┌──
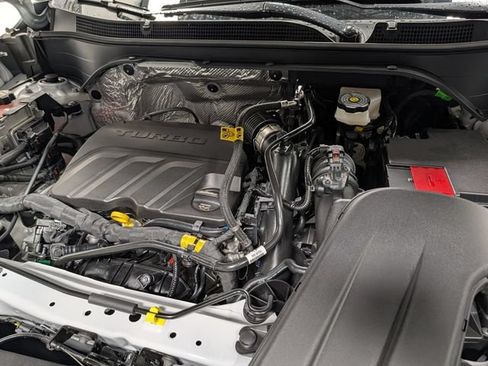 New 2026 Chevrolet Trax LT w/ LT Convenience Package FWD image 25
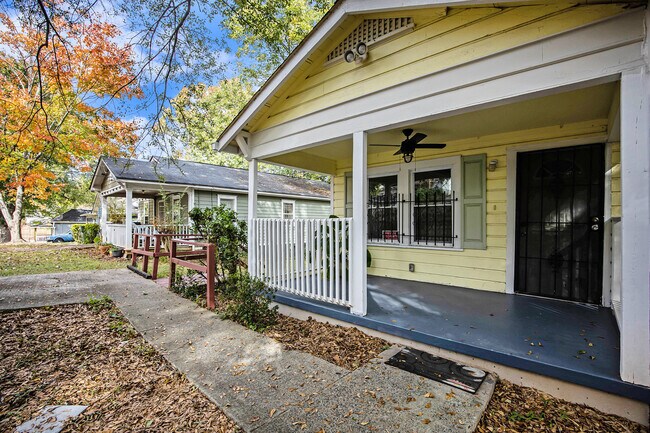 Building Photo - 1162 Sims St SW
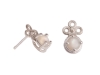 Mother of pearl stud earrings with flower. 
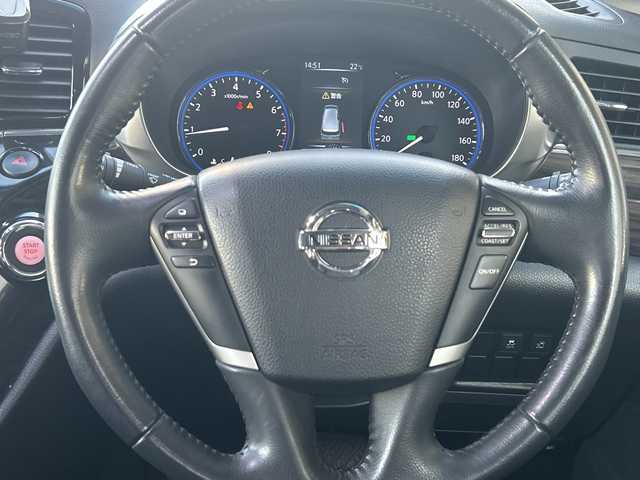 日産 エルグランド 250ハイウェイスターS 千葉県 2017(平29)年 5.4万km ブリリアントホワイトパール プッシュスタート/前側ドライブレコーダー/両側パワースライドドア/クルーズコントロール/オートライト/デュアルエアコン/横滑り防止装置/バックカメラ/Bluetooth接続/TVフルセグ/バックカメラ/電動格納ミラー/ビルトインETC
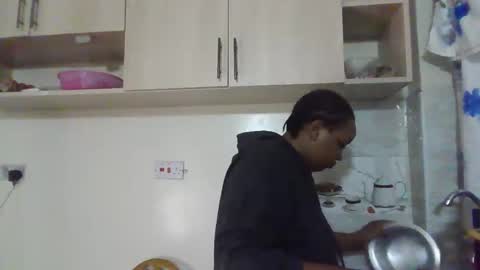 Snapshot of salty_surprise_ chatting on December 15, 4:33 pm salty_surprise_ online show from December 15, 4:33 pm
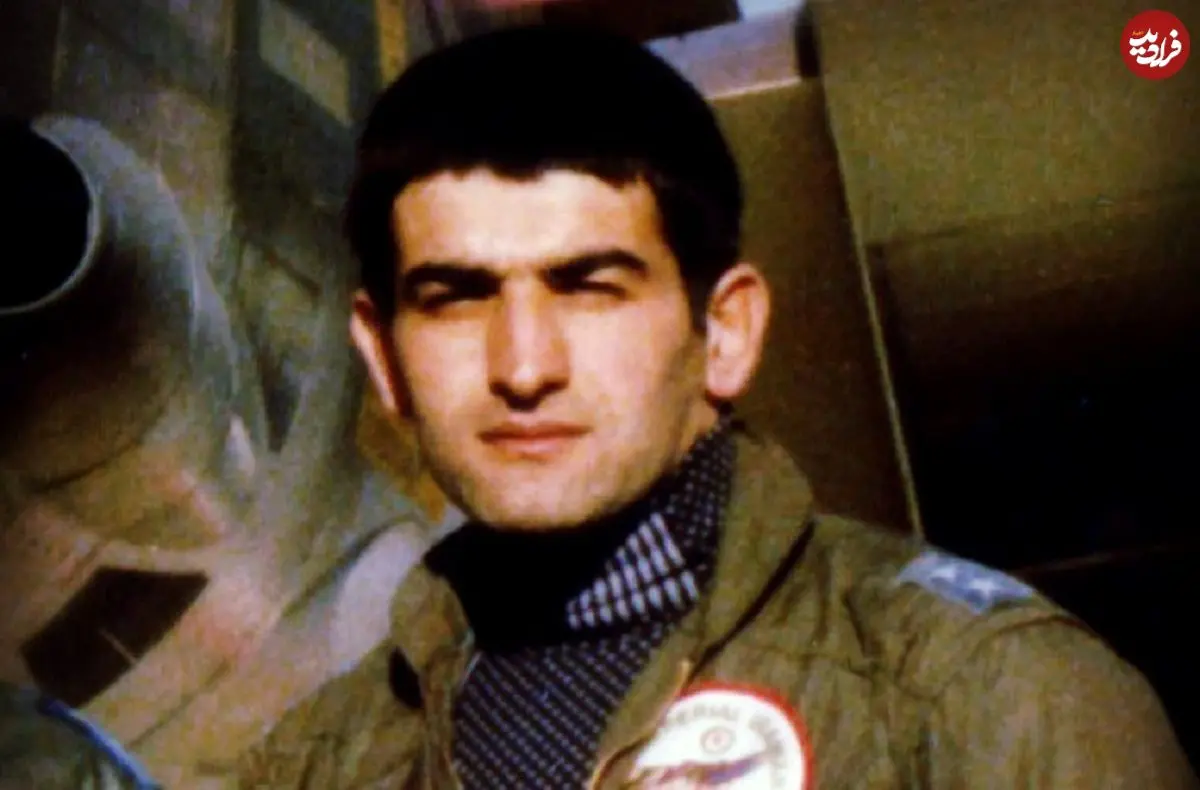 عکس| سفر در زمان؛ «سرلشکر خلبان عباس بابایی» در کنار همسر و فرزندان اش؛ دهه 50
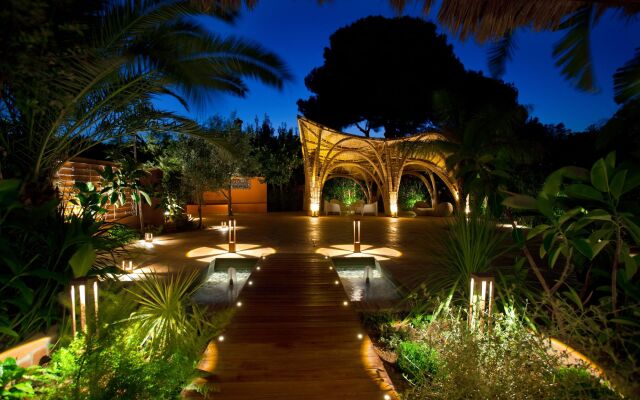 Hotel Les Rotes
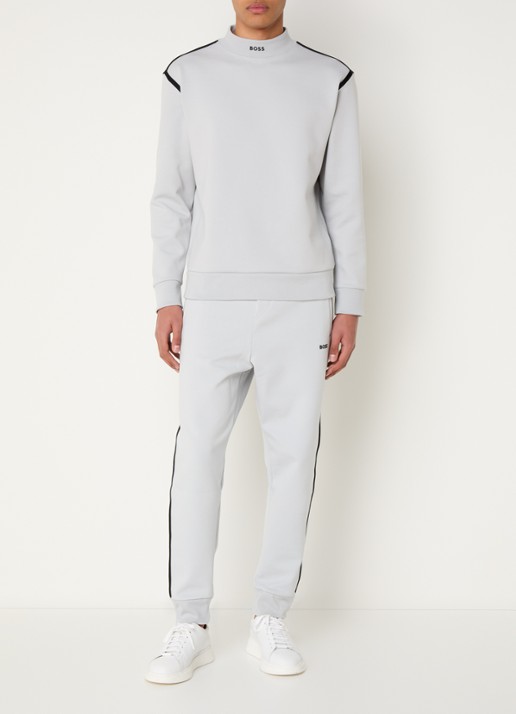 BOSS Silas Tape sweater met logo - voorkant 4 lichtgrijs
└──
Return every entry above exactly. Pictures stay out.

The completed task:
 New 2026 Chevrolet Trax LT w/ LT Convenience Package FWD image 25
 Building Photo - 1162 Sims St SW
 Mother of pearl stud earrings with flower. 
 日産 エルグランド 250ハイウェイスターS 千葉県 2017(平29)年 5.4万km ブリリアントホワイトパール プッシュスタート/前側ドライブレコーダー/両側パワースライドドア/クルーズコントロール/オートライト/デュアルエアコン/横滑り防止装置/バックカメラ/Bluetooth接続/TVフルセグ/バックカメラ/電動格納ミラー/ビルトインETC
 Snapshot of salty_surprise_ chatting on December 15, 4:33 pm salty_surprise_ online show from December 15, 4:33 pm
 عکس| سفر در زمان؛ «سرلشکر خلبان عباس بابایی» در کنار همسر و فرزندان اش؛ دهه 50
 Hotel Les Rotes
 BOSS Silas Tape sweater met logo - voorkant 4 lichtgrijs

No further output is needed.